Authentic Foundation

Last week, I wrote a post referencing Invited Guest, one of the six points that make up our ethos at NextView. Today, I’m calling on another of our ethos points, an adjective that can consistently describe the founders we work with: Authentic. If you’ve had the chance to explore the NextView website recently, you may have found the homepage Easter egg that reveals each ethos point. Authentic is the first one you’ll see:

It may not be surprising then that many of the most successful companies in the NextView portfolio to date were born out of authentic founder experiences.

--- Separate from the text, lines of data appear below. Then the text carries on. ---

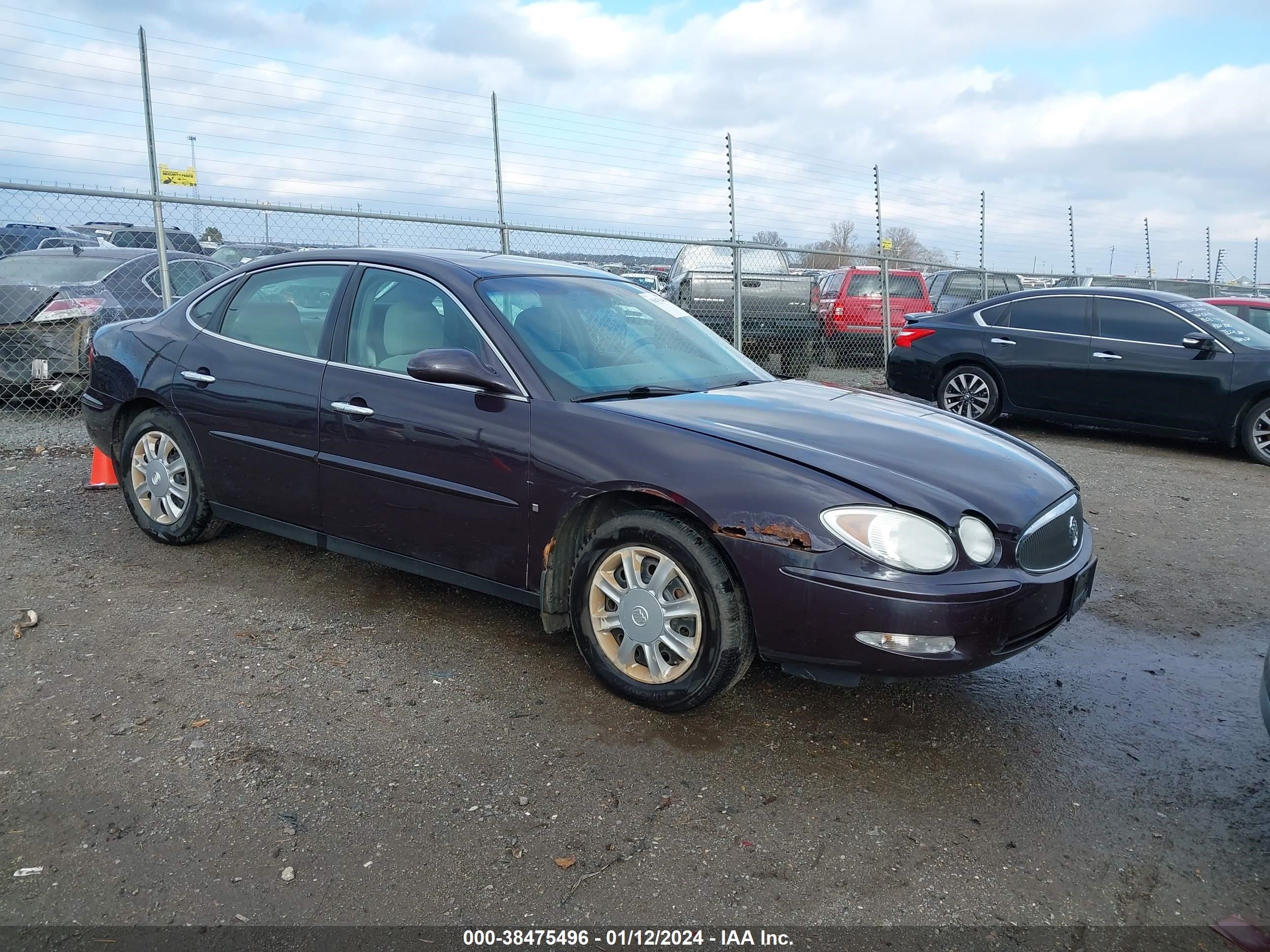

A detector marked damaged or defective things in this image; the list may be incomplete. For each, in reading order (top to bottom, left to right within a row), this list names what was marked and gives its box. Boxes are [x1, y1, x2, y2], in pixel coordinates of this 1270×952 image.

rust damage [714, 512, 812, 552]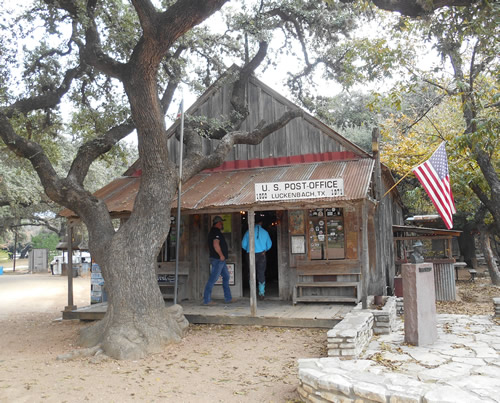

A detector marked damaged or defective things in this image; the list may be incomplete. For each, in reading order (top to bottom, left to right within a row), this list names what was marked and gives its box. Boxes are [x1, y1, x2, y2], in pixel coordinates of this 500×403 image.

rusty tin roof [59, 159, 376, 219]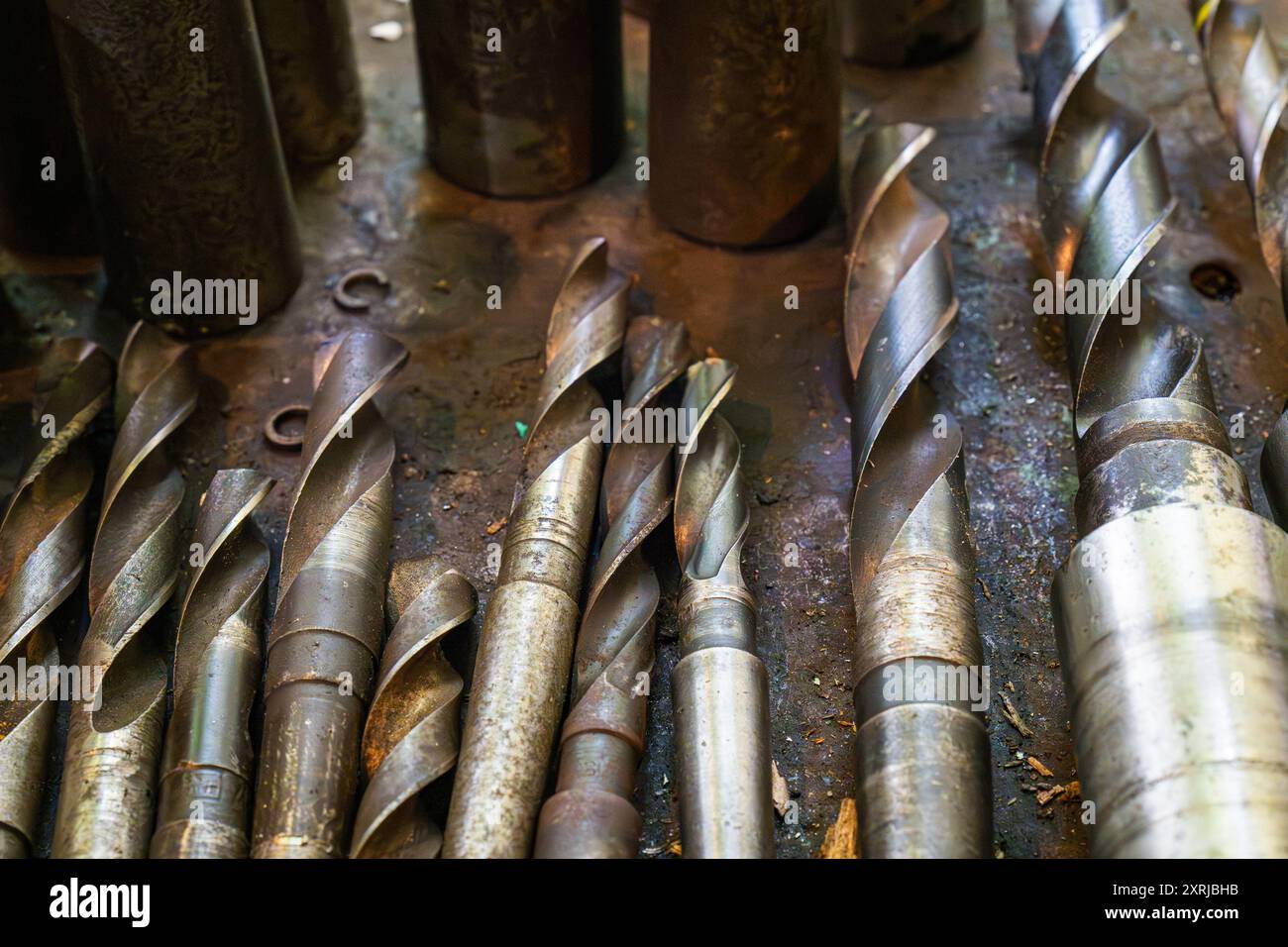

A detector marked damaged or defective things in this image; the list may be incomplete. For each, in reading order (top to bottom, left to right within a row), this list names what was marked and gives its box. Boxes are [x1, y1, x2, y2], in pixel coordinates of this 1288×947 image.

rusty drill bit [0, 340, 112, 860]
rusty drill bit [52, 324, 196, 860]
rusty drill bit [149, 466, 272, 860]
rusty drill bit [252, 0, 366, 165]
rusty drill bit [252, 332, 406, 860]
rusty drill bit [348, 556, 479, 860]
rusty drill bit [443, 237, 628, 860]
rusty drill bit [535, 318, 696, 860]
rusty drill bit [670, 358, 767, 860]
rusty drill bit [839, 124, 989, 860]
rusty drill bit [1015, 0, 1288, 860]
rusty drill bit [1190, 0, 1288, 525]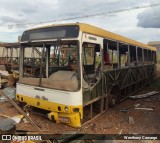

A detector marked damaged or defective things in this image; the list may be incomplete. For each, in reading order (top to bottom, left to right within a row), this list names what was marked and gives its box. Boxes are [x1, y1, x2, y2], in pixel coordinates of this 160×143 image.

abandoned yellow bus [15, 22, 156, 127]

In the past few months, we’ve invested in three New York-based companies; each hatched by founders whose backgrounds and visions for what they’re building epitomize authenticity. As examples of the types of founding teams that we love to work with and in order to announce some of NextView’s newest investments, I’m thrilled to now shine some light on the founders and founding stories of Dia & Co., Roam, and Timber.

 

Nadia Boujarwah and Lydia Gilbert met at business school and by the time they graduated were off and running with a startup idea: building a new brand for plus-sized woman’s fashion. And thus Dia & Co. came into being.

The company was not simply the result of a shrewd examination of market opportunities or a spreadsheet-powered analysis of sizing trends in the U.S. Dia exists because their customers have been ignored by the fashion industry. Nadia and Lydia saw a woman forced into the backrooms of brick-and-mortar stores to find her size or resorting to online orders without consideration to her unique fit. They saw a woman with nowhere to shop and no brand she trusted. Nadia and Lydia have since dedicated their waking hours to making life better for this woman.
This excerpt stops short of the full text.